Shaking his head, Mal said, “No.”

Harken scowled, looked past Mal. “Is he telling the truth?”

“Yes. Near as I can tell,” Monty’s nephew answered. “He reacts most strongly to anything involving Serenity, but those answers don’t read the same as lies do--more just a… I’d have to say a resistance reaction. Not lying, but resisting revealing more. The faster he answers, the more even the reaction.”

While they talked, Mal slid down a little lower in his chair, trying to rest his head on the seatback. He closed his eyes and drifted. Wasn’t doing too good at the controlling part. Wasn’t managing to lie at all. So humped, and not in the fun way. With a shiver he realized he had to feed the story out willingly, at his own pace, to control the flow of info, rather than letting Harken jerk it out of him bit by bit, maybe--probably--getting more than he was willing to give. The only question was timing--when to let go. Harken had him at the edge once before, couldn’t let it go back that far again.

“Sergeant Reynolds!” That voice was becoming purely tiresome.

“Ow!” Mal glared up at the guard again. “Just leave me the 他妈的 alone, Harken. You ain’t gotten 狗屎 out of me so far ‘cause you’ve been just dead-ass wrong each and every step of the way. Just give it up.”

“A fine show of bravado, sergeant,” Harken said with a smarmy smile. “Or desperation. You know, however--and you are fully aware I’m speaking the absolute truth here--that if you don’t give me the information I’m after I will have to start working harder on your colleagues. Your first officer is being prepped for intensive interrogation right now. I’m out of this entertaining drug you’re finding so troublesome so when I go about extracting information from her, my methods will undoubtedly be far more crude. I imagine you know a thing or two about torture. From the war? A lot of ugly things went on. I haven’t forgotten that tale you told about questioning one of our scouts. Did that along with your first mate. I don’t doubt she has a high level of resistance, though. And I don’t doubt you left some details out of that story. Then there’s that young mechanic of yours, Miss Frye, I wonder how much she could withstand.” He stared hard at Mal. “Now you have to choose.”

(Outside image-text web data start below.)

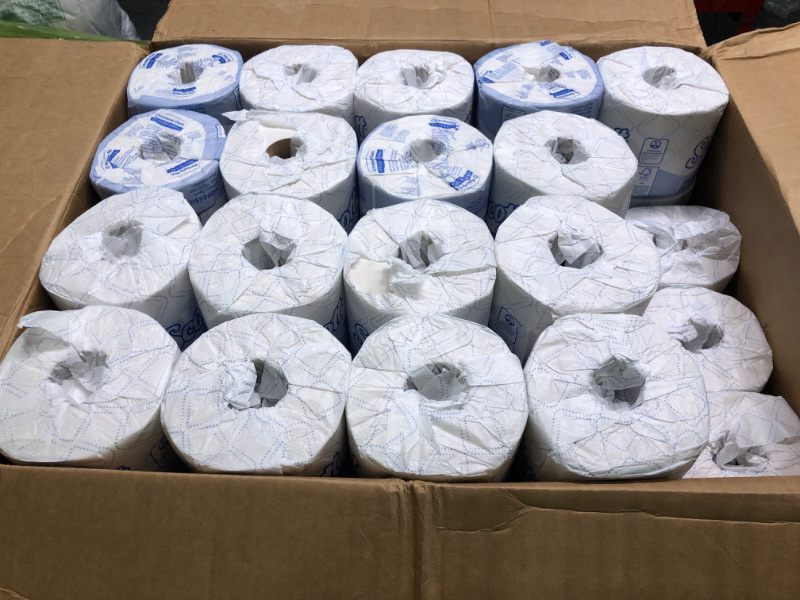 Photo 1 of 77 Rolls ! Scott® Professional Standard Roll Bathroom Tissue (04460), 2-Ply, White, 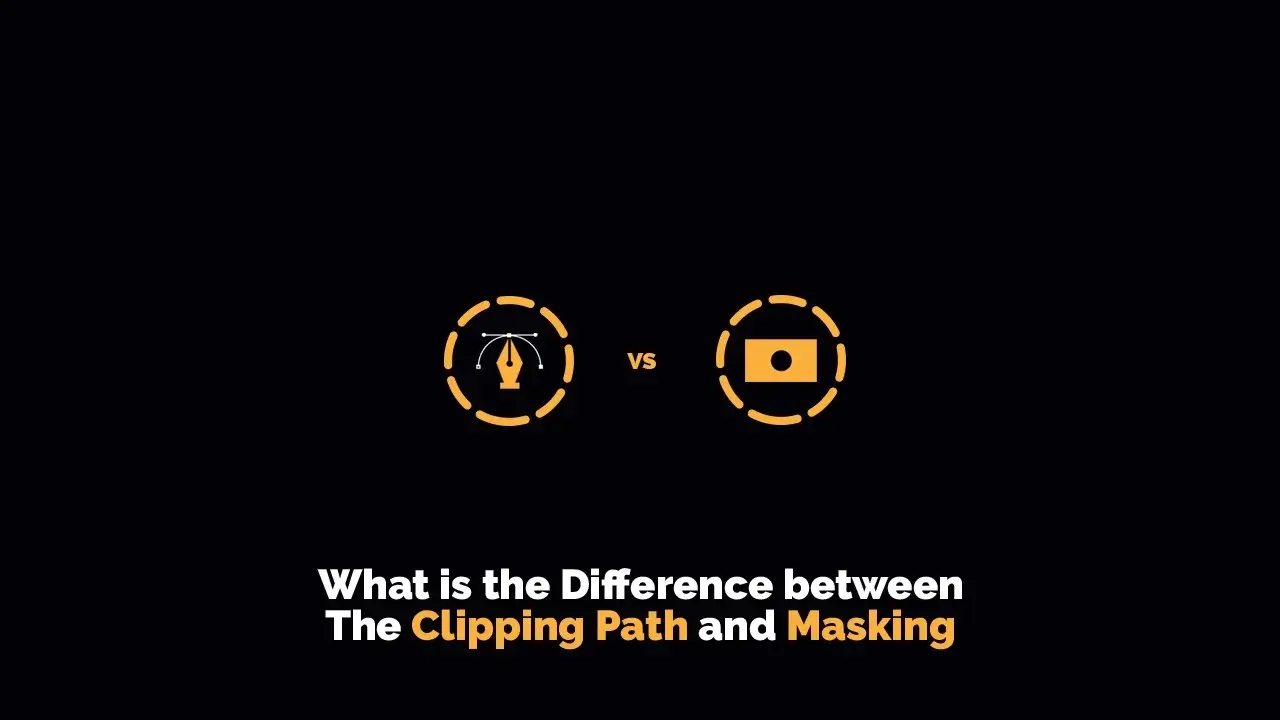 difference between image masking and clipping path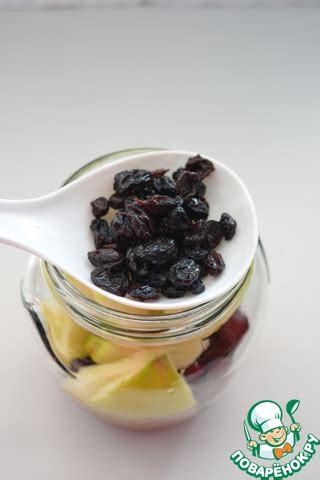 Консервированные фрукты в горшке "Зимний румтопф" – кулинарный рецепт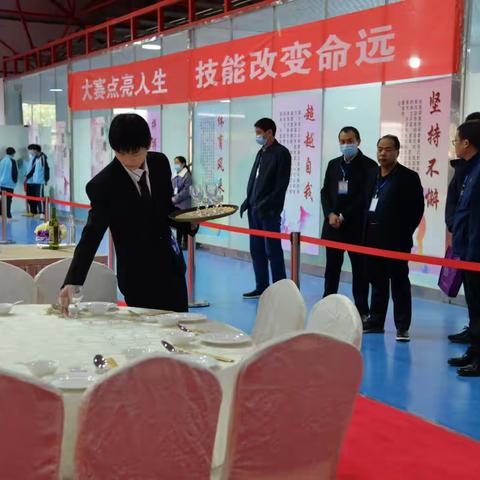 以赛促教 以赛促学——洛阳市中等职业学校高新校区举办2022年河南省中等职业教育技能大赛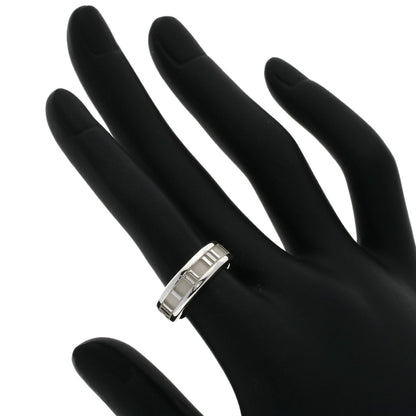TIFFANY&Co. Atlas Ring Silver Ladies [Used]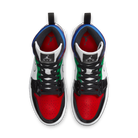 Jordan 1 Mid SE Black White Multi-Color (Women's)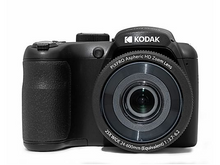 FOTOCAMERA BRIDGE KODAK PixPro AZ255 Zoom ottico 25x, 16,15 megapixel, NERO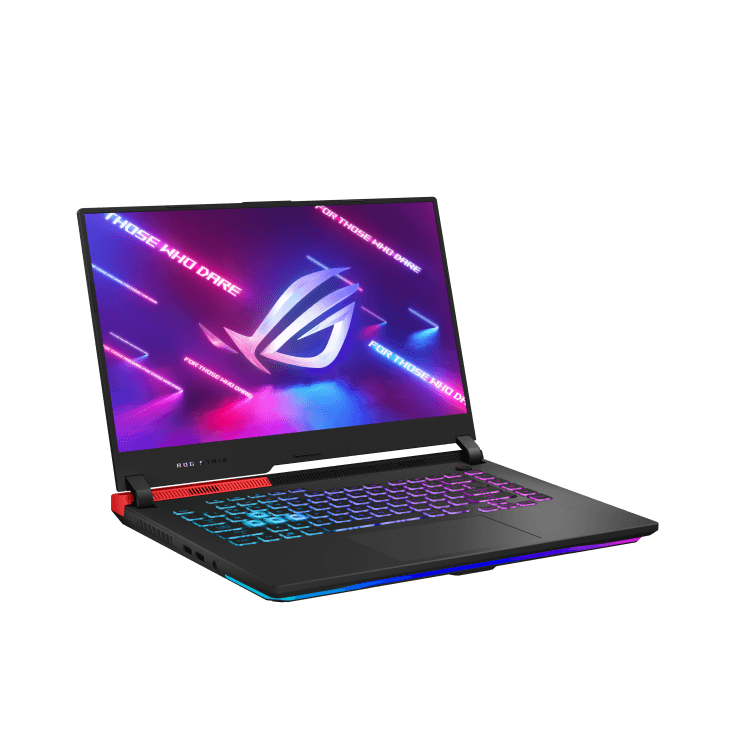 ASUS ROG STRIX G15 G513QC-HN160T GAMING LAPTOP (ORIGINAL BLACK) | 15.6" FHD | RYZEN 9 5900HX | 8GB DDR4 | 1TB SSD | RTX 3050 | WIN10 + ROG BACKPACK + ROG IMPACT GAMING MOUSE TYPE-C + 100W AC ADAPTER - DataBlitz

Mal smiled and saw that reaction confused Harken. What did Harken know? Mal hadn’t spent any longer making his choice than Zoe once had.

“Ask your questions, Harken,” he said in a flat tone of surrender.

* * *

“Will you stop pacing and just sit still!” Inara glared up at Jayne.

“Can’t help it,” he grumbled. “This place gives me the uncomfortables.”

“You’re like having a child along. Stop that!” she snapped. “Do you have to touch and smell of everything?”

“I don’t…”

“Yes, you do.”

“Well, I…”

“Just sit down and try to look… civilized. Everything is going according to plan.”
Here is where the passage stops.